Sean Frank is the Founder and Managing Partner at Cloud Equity Group, a boutique investment management firm specializing in leveraged buyouts of tech-enabled business service providers. In addition to being responsible for managing discretionary investor capital on behalf of its high net worth individual, family office, and institutional investor clients, Sean is a public speaker and has given talks at various industry conferences and college campuses including Harvard Business School.
The investment management field is an incredibly saturated industry and starting out can be difficult. “There is an over abundance of investment firms of all kinds that can boast strong teams, strong track records, and innovative investment strategies,” said Sean. “To be successful in today’s market, just checking those boxes isn’t enough – you need to find additional ways to stand out from everyone else.”
Sean outlines a few commonly perceived negatives about the private equity asset class and offers some suggestions as to how fund managers can address them to create a competitive advantage.
Deployment of Capital
The private equity asset class tends to be overcapitalized; it’s fairly common to hear stories of oversubscribed private equity funds that cannot find enough attractive investment opportunities and are essentially just forced to sit with dry powder. There’s an opportunity cost here for the committed investor capital that is left uninvested and not earning a return. Targeting underserved markets where there are more investment opportunities, or potentially lining up investment opportunities before a fund’s initial close, will allow a manager to deploy capital more quickly and add more value to the investor.

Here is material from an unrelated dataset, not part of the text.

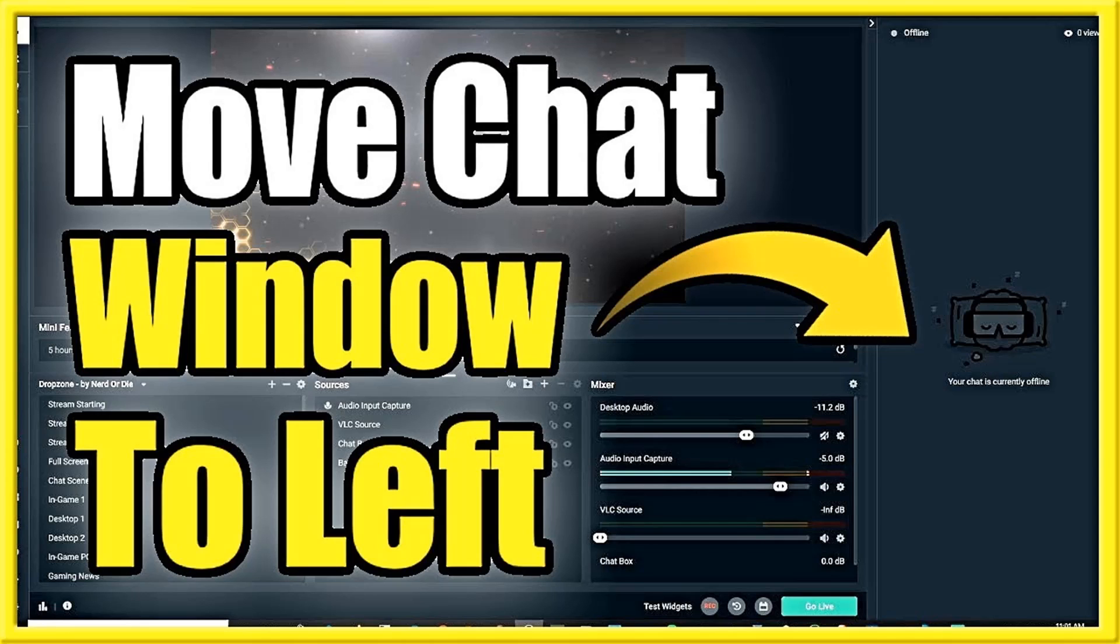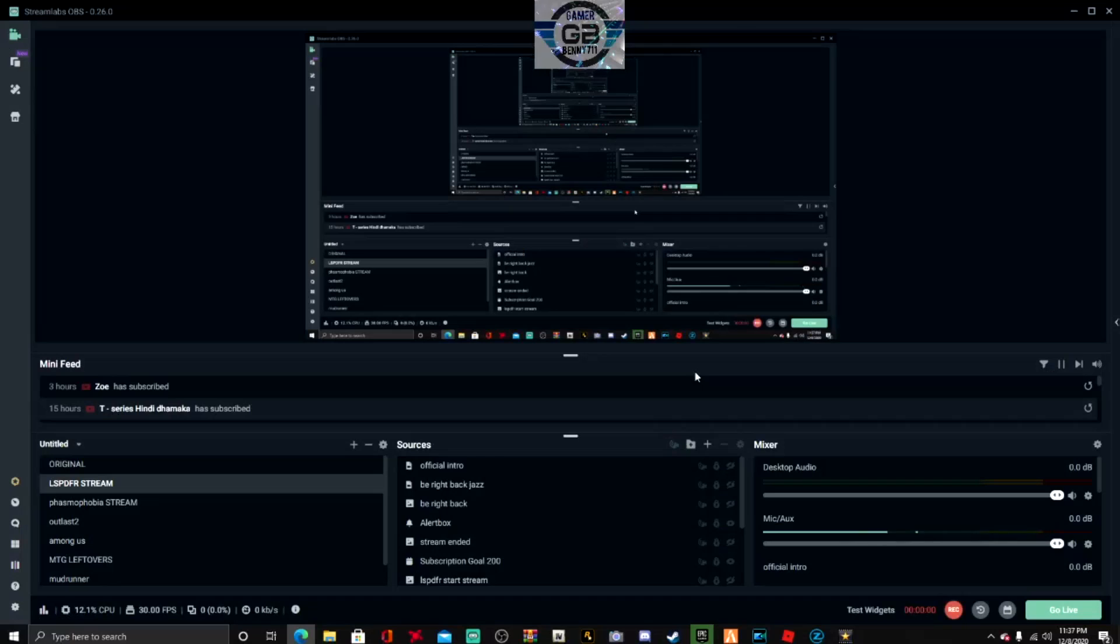What's up guys, in this video I'm gonna be showing you how you move your OBS chat window from the right side to the left side, so stay tuned.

Of all the alternative asset classes out there, private equity tends to be the most illiquid and the least transparent. It’s not uncommon to hear about fund managers marking investments very aggressively to give the artificial appearance of strong performance, only to realize lesser gains upon asset liquidation. This creates an inherent risk to the investor and makes the asset class less appealing when compared to more liquid and transparent asset classes such as hedge funds. By creating a clear pricing policy, ideally using market comps and financial performance metrics, and by making this information available to investors, fund managers can help bridge this gap and thus add more credibility to their investment marks. As a result, this will boost overall investor confidence. In addition, third-party service providers such as auditors, fund administrators, and valuators can help add credibility to unrealized investment performance as well.
Private equity tends to be the least appealing asset class from a lockup period perspective given the ‘close-ended’ nature of the funds and the illiquidity of the underlying asset class. In recent years, the average lifespan of private equity funds has reached 13 years! By developing an investment strategy that can be executed quicker without diminishing returns, there is an opportunity for fund managers offering shorter fund lives to capture the interest of investors.